-------- Given records

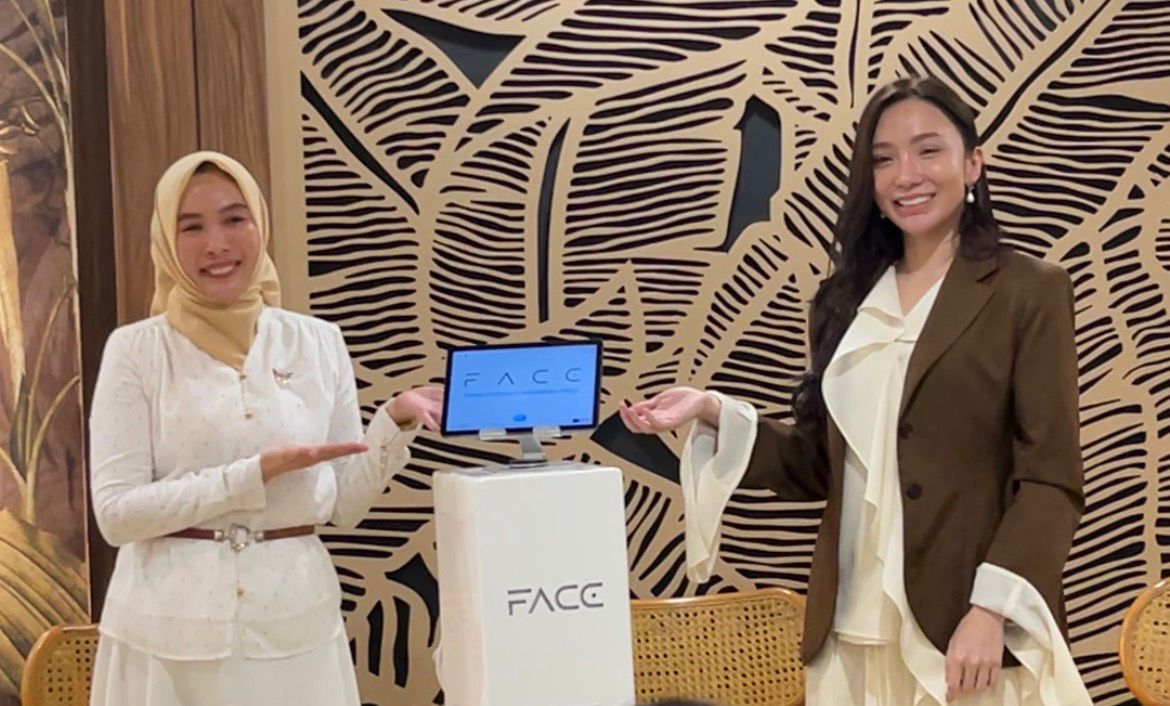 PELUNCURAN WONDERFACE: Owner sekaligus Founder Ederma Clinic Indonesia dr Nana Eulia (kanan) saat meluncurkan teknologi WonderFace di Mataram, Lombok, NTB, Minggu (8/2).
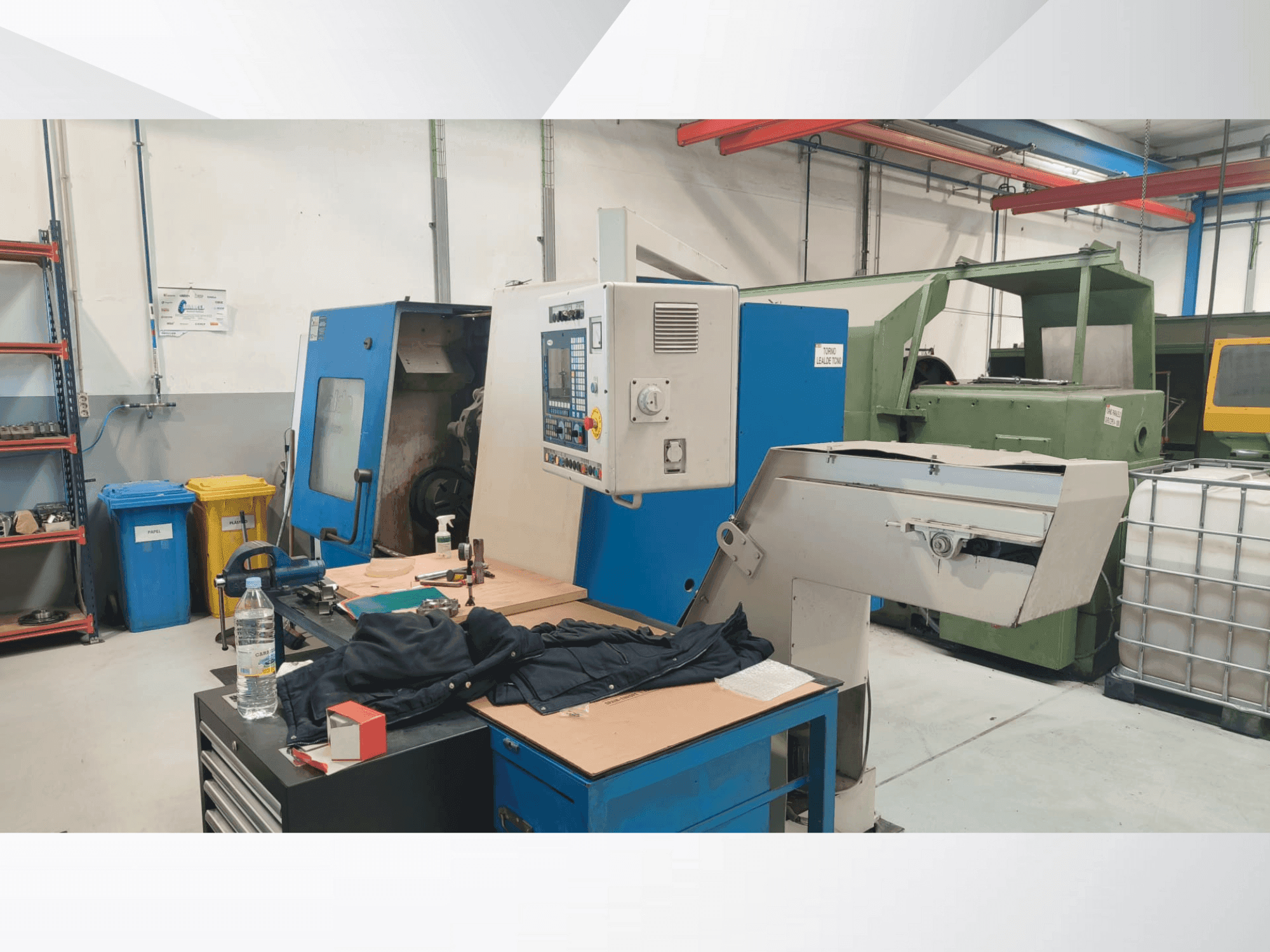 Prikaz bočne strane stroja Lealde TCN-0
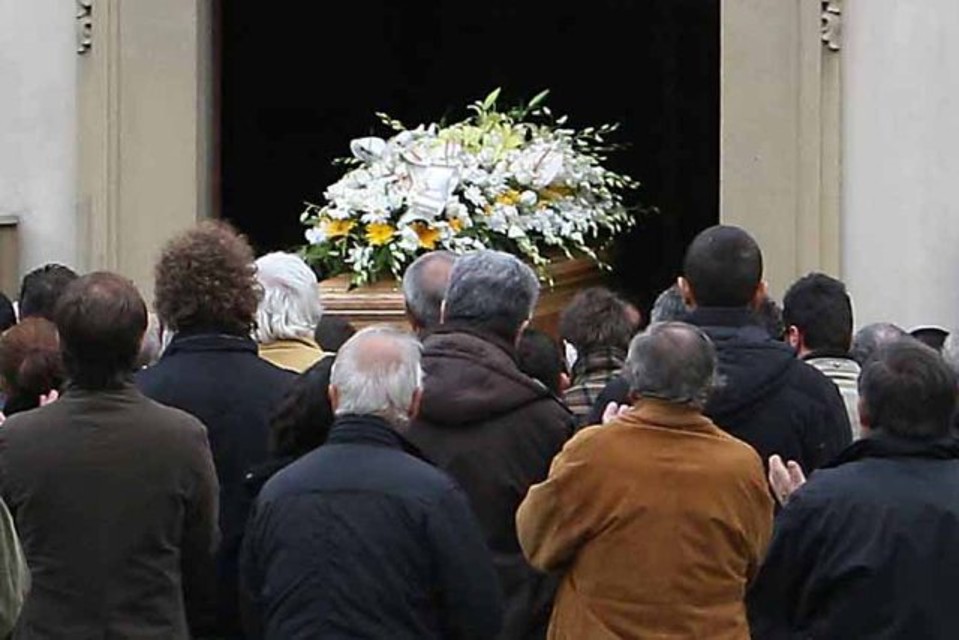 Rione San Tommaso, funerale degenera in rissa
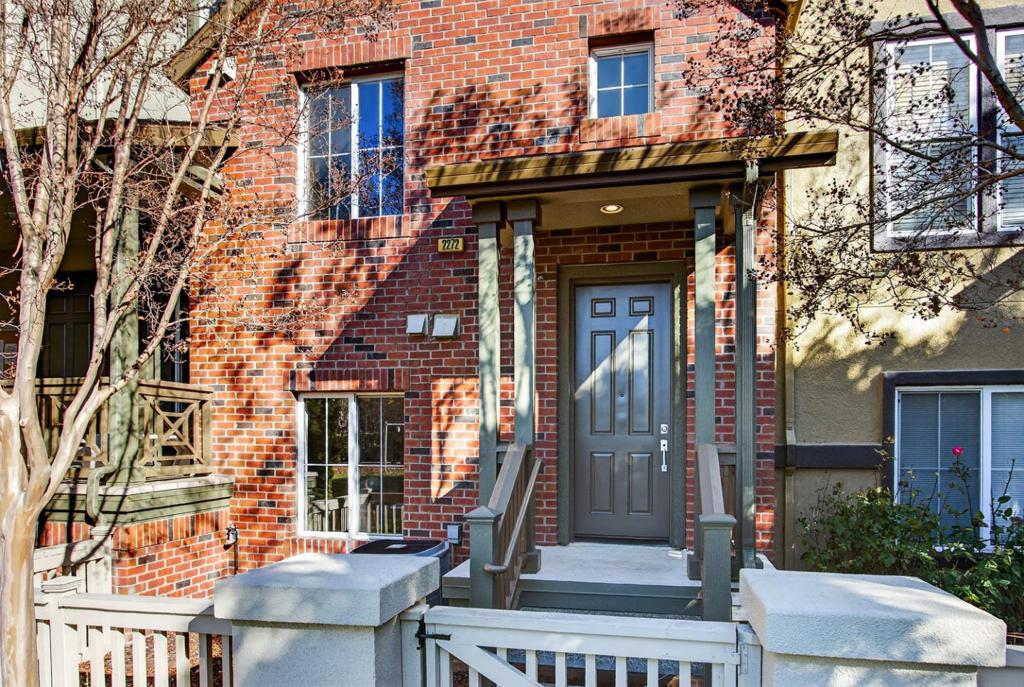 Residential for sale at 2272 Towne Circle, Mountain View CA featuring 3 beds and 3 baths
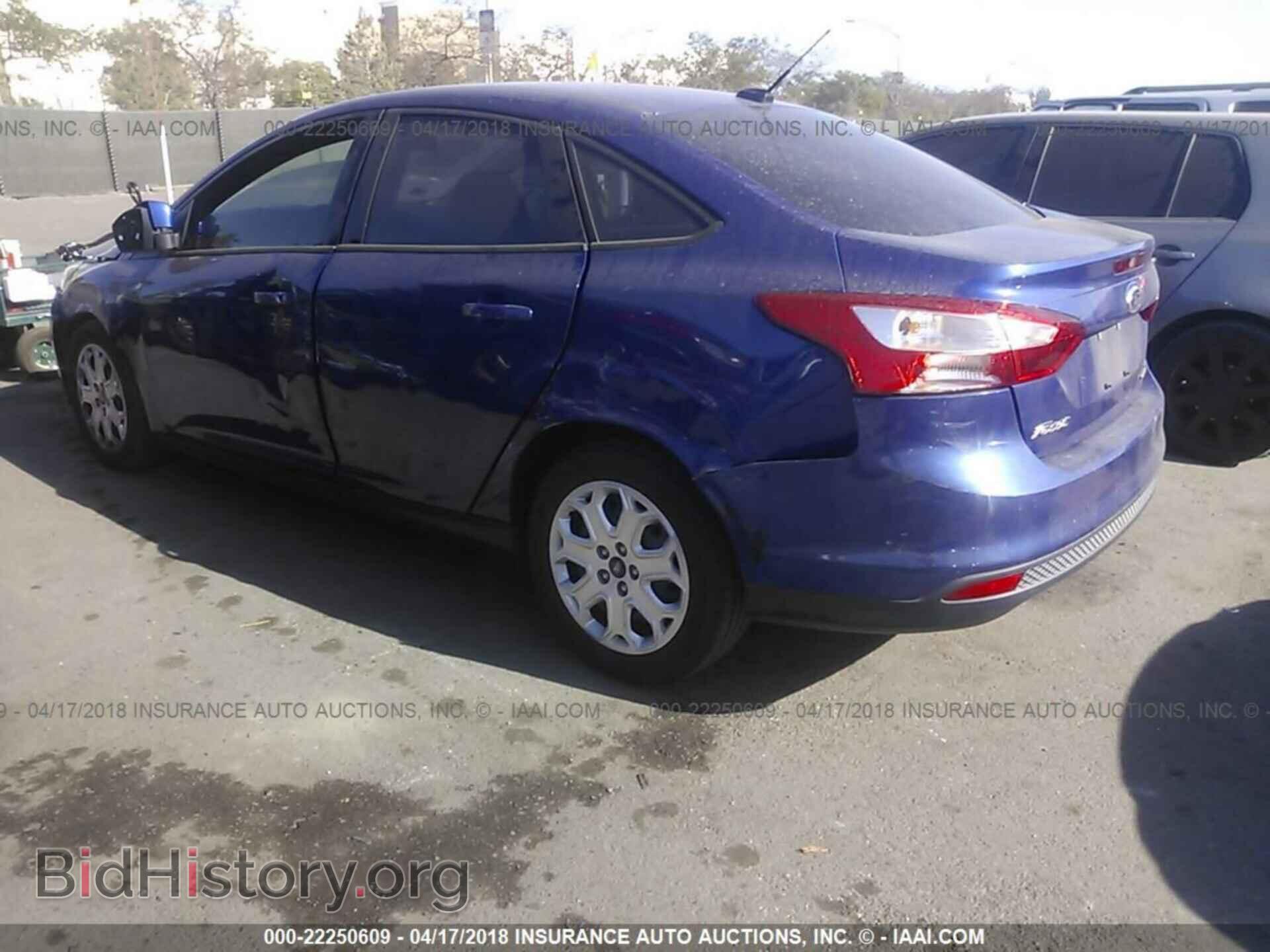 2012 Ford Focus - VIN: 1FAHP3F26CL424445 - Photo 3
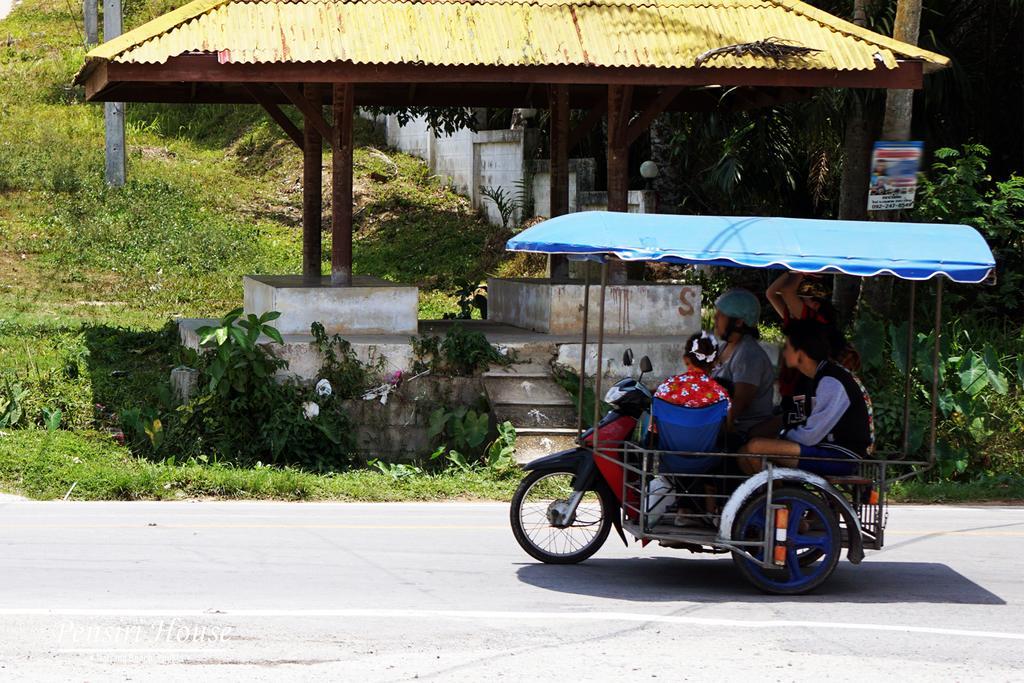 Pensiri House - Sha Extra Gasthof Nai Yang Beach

----------------

**Your assignment**
Could you write out the records exactly while omitting every picture?

**Answer area**
 PELUNCURAN WONDERFACE: Owner sekaligus Founder Ederma Clinic Indonesia dr Nana Eulia (kanan) saat meluncurkan teknologi WonderFace di Mataram, Lombok, NTB, Minggu (8/2).
 Prikaz bočne strane stroja Lealde TCN-0
 Rione San Tommaso, funerale degenera in rissa
 Residential for sale at 2272 Towne Circle, Mountain View CA featuring 3 beds and 3 baths
 2012 Ford Focus - VIN: 1FAHP3F26CL424445 - Photo 3
 Pensiri House - Sha Extra Gasthof Nai Yang Beach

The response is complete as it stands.